En un demi-siècle, entre Baltique et Mer Noire, plusieurs milliers de kilomètres de lignes ont plusieurs fois changé d'écartement! le choix de la voie « large » par  les chemins de fer russes, sur les conseils de l'ingénieur américain Whistler, intervint alors que les études de la ligne Varsovie-Vienne étaient fort avancées.

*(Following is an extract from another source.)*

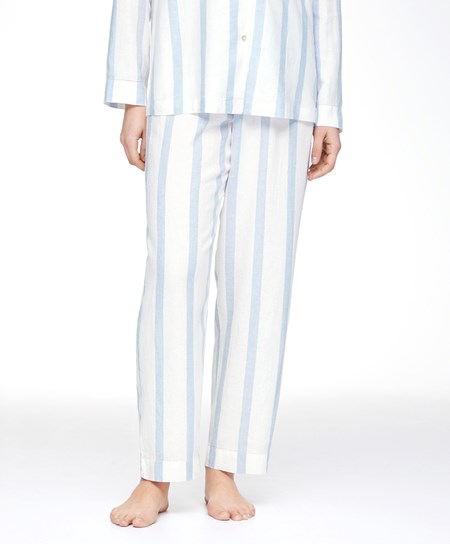 Oysho Linen Stripe Trousers Pale Ecru | MSJXFP-530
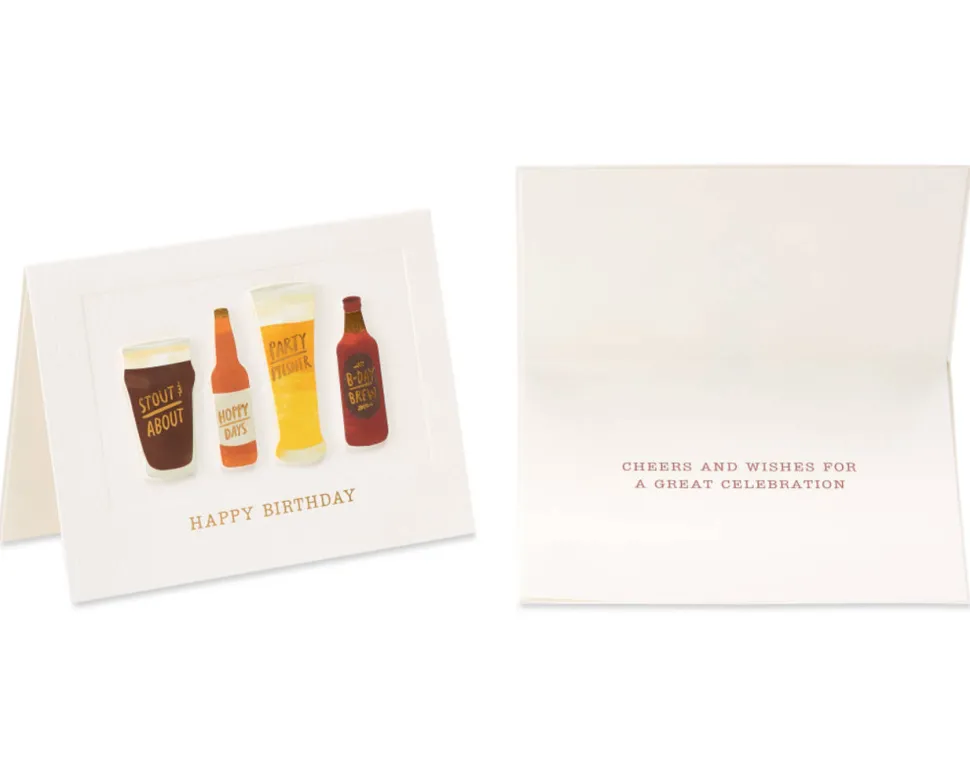 Hawaiian Shirt and Craft Beer Birthday Greeting Card Bundle for Him, 2-Count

Cette ligne, ouverte de 1845 à 1848, était à voie normale et demeura sous statut privé jusqu'à son rachat par l'État russe en 1912. Jusqu'en 1885 (1) les autorités tsaristes ne construisirent pas de ligne à écartement large sur les territoires situés à l'ouest de la Vistule, domaine du «Varsovie-Vienne ». Le raccordement entre les réseaux à écartements différents se faisait à Varsovie, par l'intermédiaire de la « ligne de détournement » franchissant la Vistule et qui fut construite en 1877. En 1903, la ligne de Varsovie à Kalisz fut établie à l'écartement large afin de permettre, outre le « contact » stratégique direct avec la frontière prussienne, le transport sans transbordement des produits textiles de Lodz (le « Manchester polonais ») dans tout l'Empire tsariste.

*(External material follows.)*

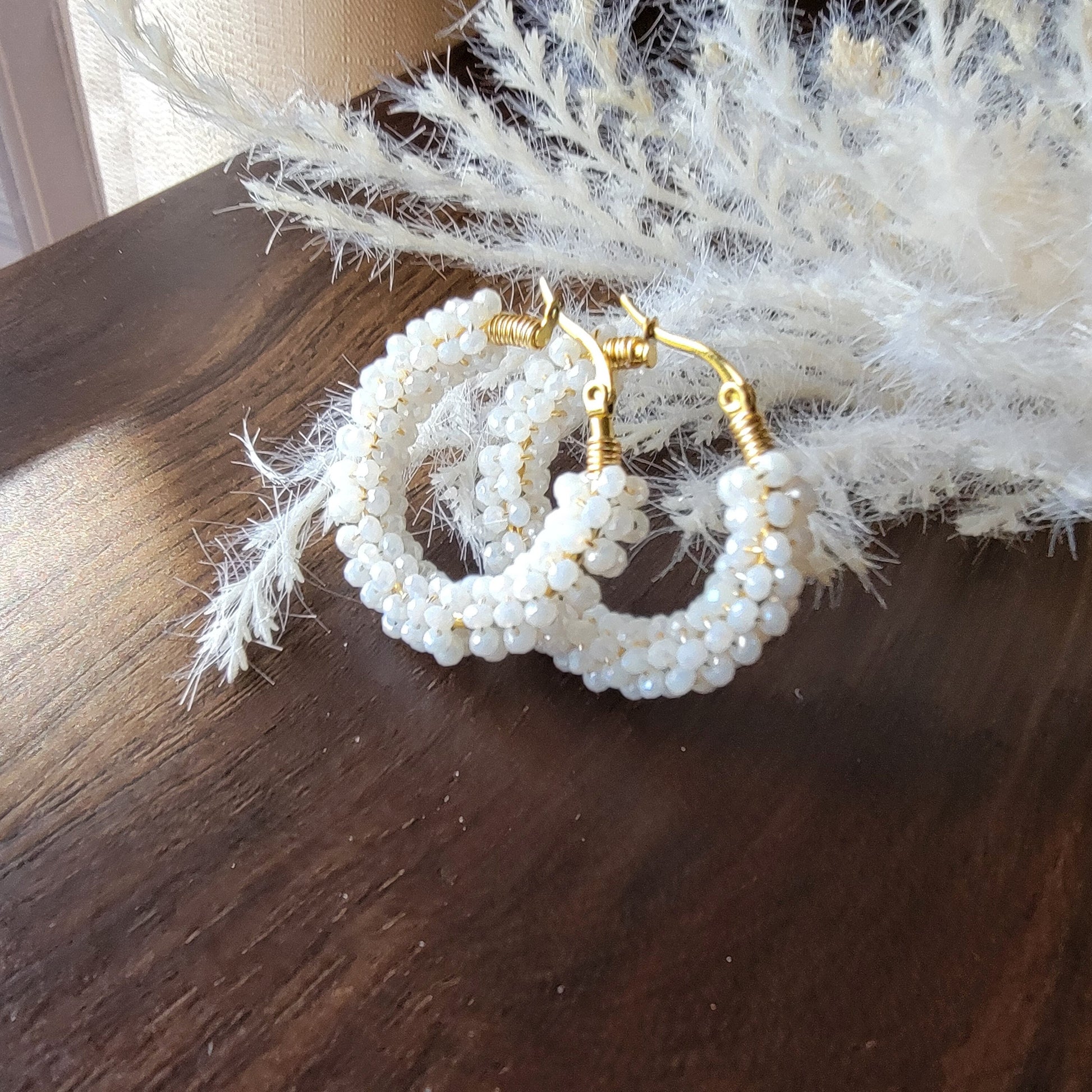 Chunky earrings hoops, Thick hoop earrings, Hoop earrings white gold, minimalistic earring, weddings- giftful, giftful bride gift,moms gifte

(1) En 1885 fut ouverte la ligne Deblin (alors appelée Iwangorod)-Sosnowiec (frontière prussienne  qui reliait la Silésie minière au réseau à voie large.


A la veille de la Première Guerre mondiale, sur les 6 300 kilomètres de voies ferrées situées dans la Pologne russe, environ 750 km seulement étaient à voie normale, les pays baltes pour leur part, étant tous sous le régime de la voie large (sauf en Lettonie où 10 % de la longueur du réseau était à voie normale).
A ces lignes principales s'ajoutait un ensemble de lignes à voie étroite (plus de 3 000 kilomètres) construites, soit à des fins militaires dans les régions frontalières, soit pour assurer un trafic local ou industriel.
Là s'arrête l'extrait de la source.